======== Information supplied
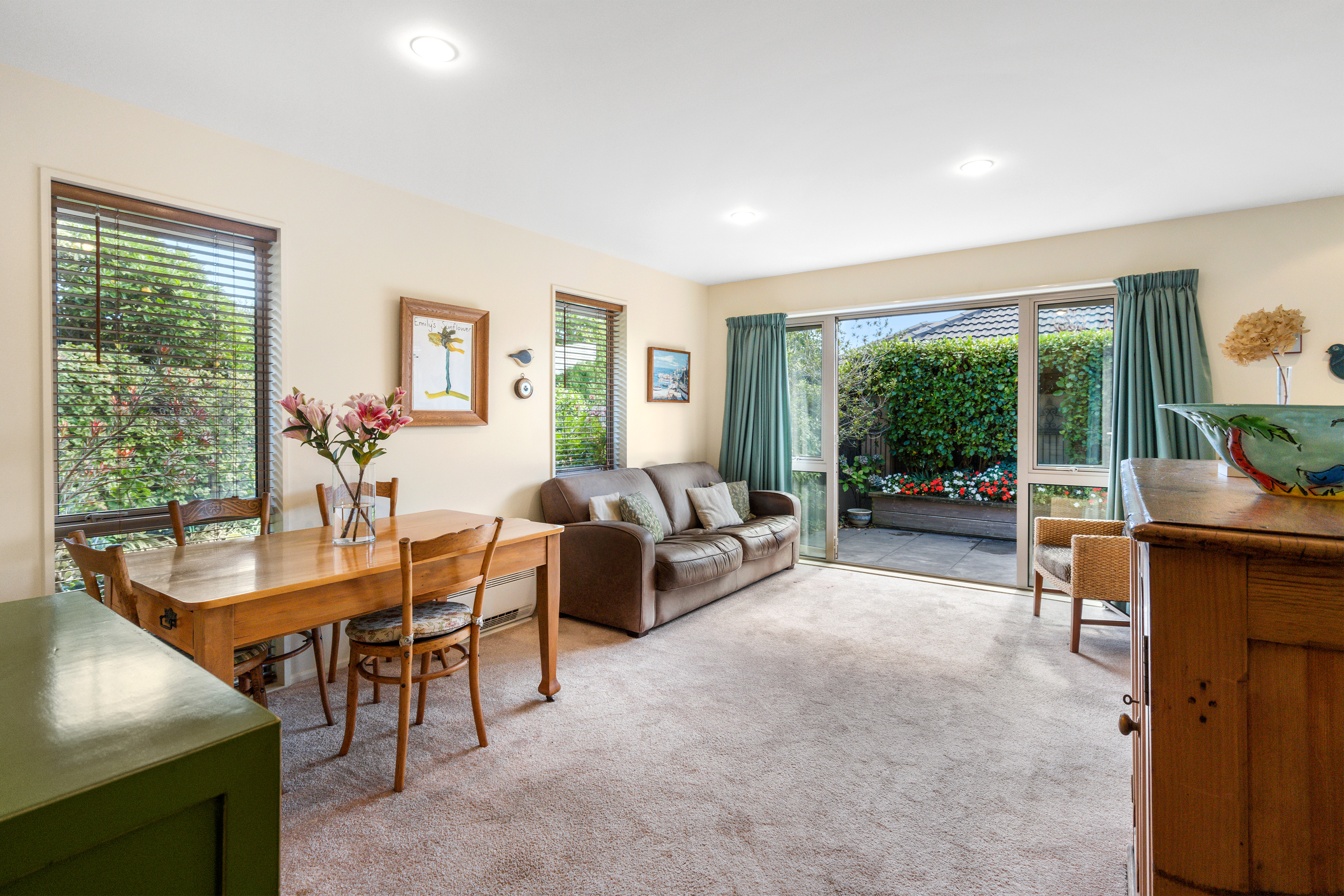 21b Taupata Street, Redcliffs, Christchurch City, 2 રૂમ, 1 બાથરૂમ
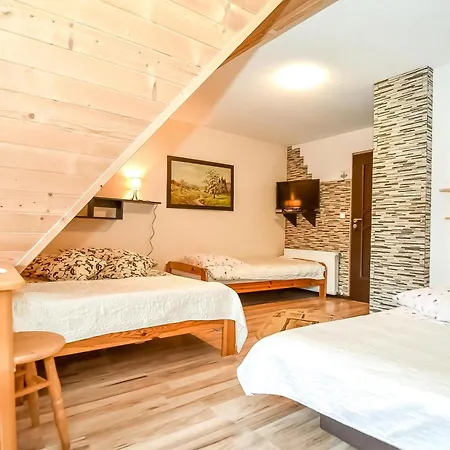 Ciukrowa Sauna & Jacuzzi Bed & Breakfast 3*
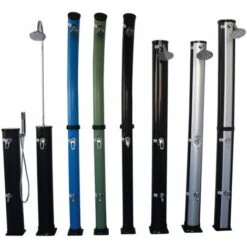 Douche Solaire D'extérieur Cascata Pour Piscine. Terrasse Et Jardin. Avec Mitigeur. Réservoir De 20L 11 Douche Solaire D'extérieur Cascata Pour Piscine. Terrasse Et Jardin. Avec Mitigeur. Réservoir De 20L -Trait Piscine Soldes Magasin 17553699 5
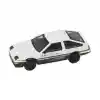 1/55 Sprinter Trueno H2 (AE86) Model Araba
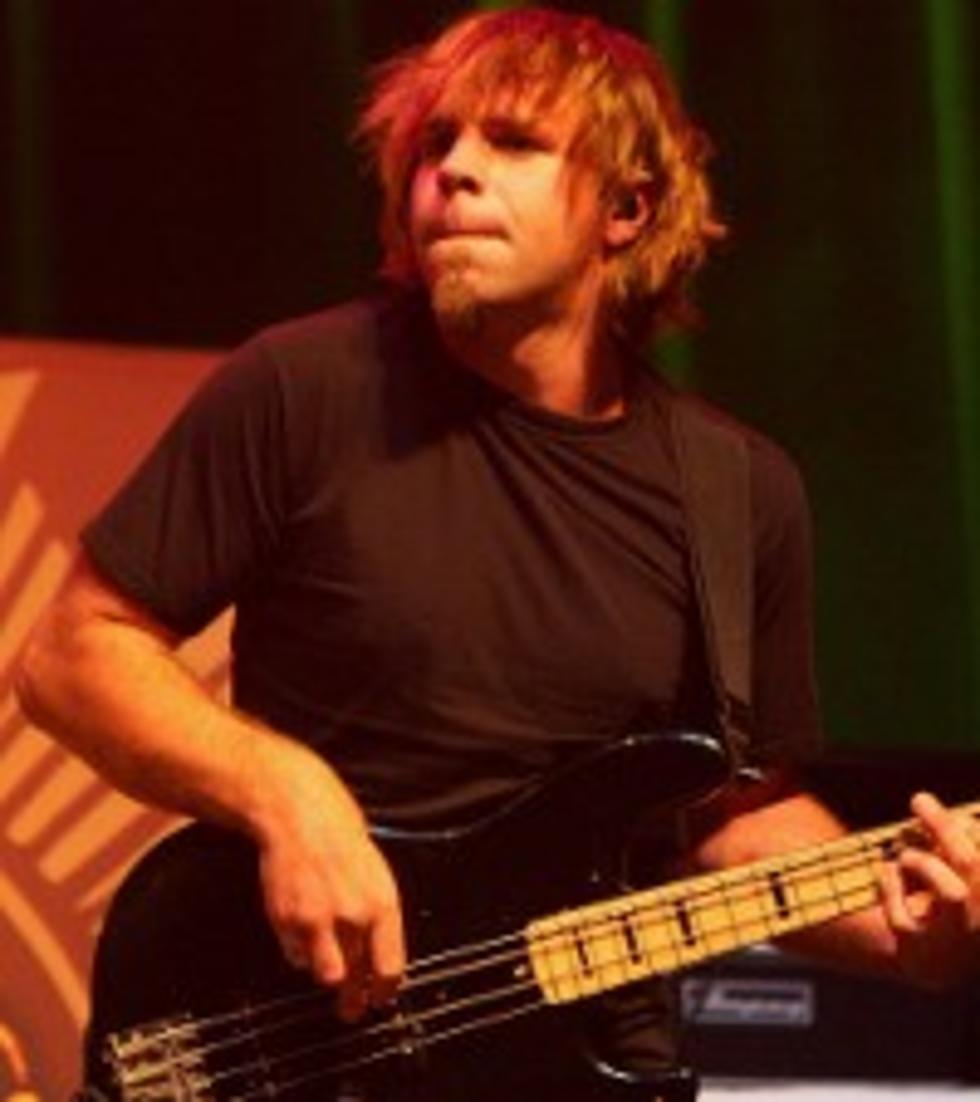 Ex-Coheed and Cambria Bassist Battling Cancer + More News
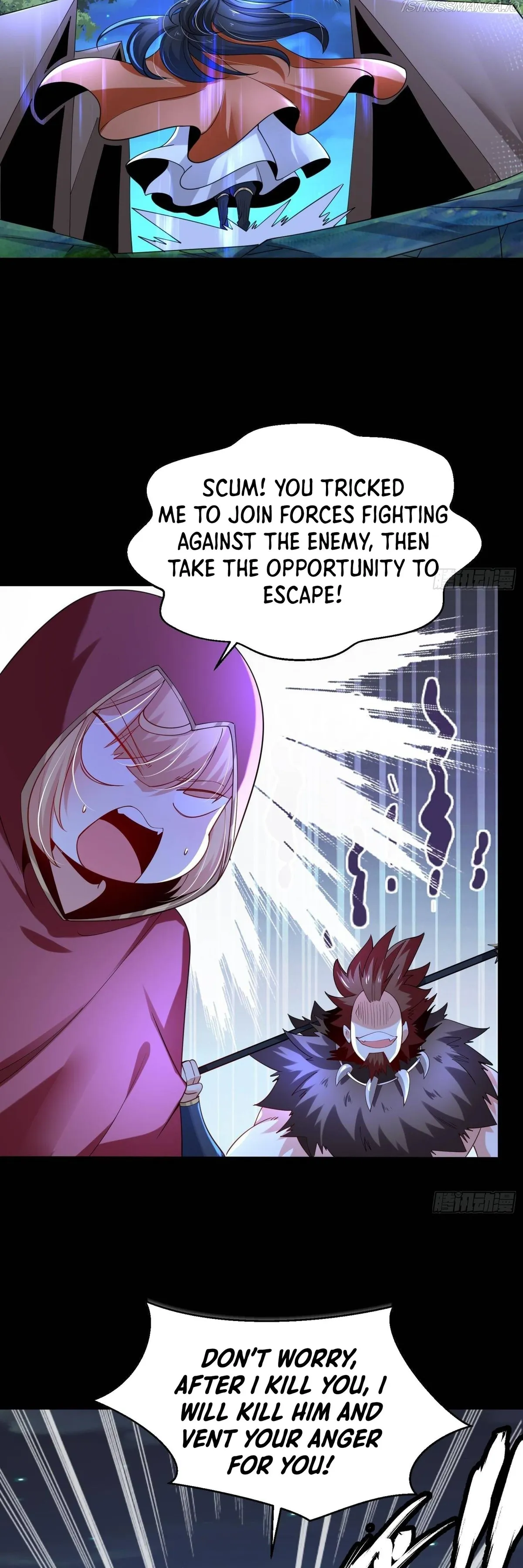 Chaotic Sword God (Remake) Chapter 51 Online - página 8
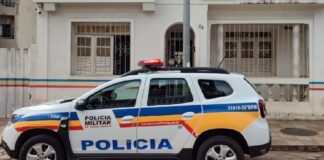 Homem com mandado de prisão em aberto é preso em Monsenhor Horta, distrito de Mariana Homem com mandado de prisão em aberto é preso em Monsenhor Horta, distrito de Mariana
================
What the task requires: Reproduce verbatim, and only, the lines starting at the one that contains "Ciukrowa Sauna & Jacuzzi Bed & Breakfast 3*" and ending with the final line of the records; leave out the pictures.

Task response:
 Ciukrowa Sauna & Jacuzzi Bed & Breakfast 3*
 Douche Solaire D'extérieur Cascata Pour Piscine. Terrasse Et Jardin. Avec Mitigeur. Réservoir De 20L 11 Douche Solaire D'extérieur Cascata Pour Piscine. Terrasse Et Jardin. Avec Mitigeur. Réservoir De 20L -Trait Piscine Soldes Magasin 17553699 5
 1/55 Sprinter Trueno H2 (AE86) Model Araba
 Ex-Coheed and Cambria Bassist Battling Cancer + More News
 Chaotic Sword God (Remake) Chapter 51 Online - página 8
 Homem com mandado de prisão em aberto é preso em Monsenhor Horta, distrito de Mariana Homem com mandado de prisão em aberto é preso em Monsenhor Horta, distrito de Mariana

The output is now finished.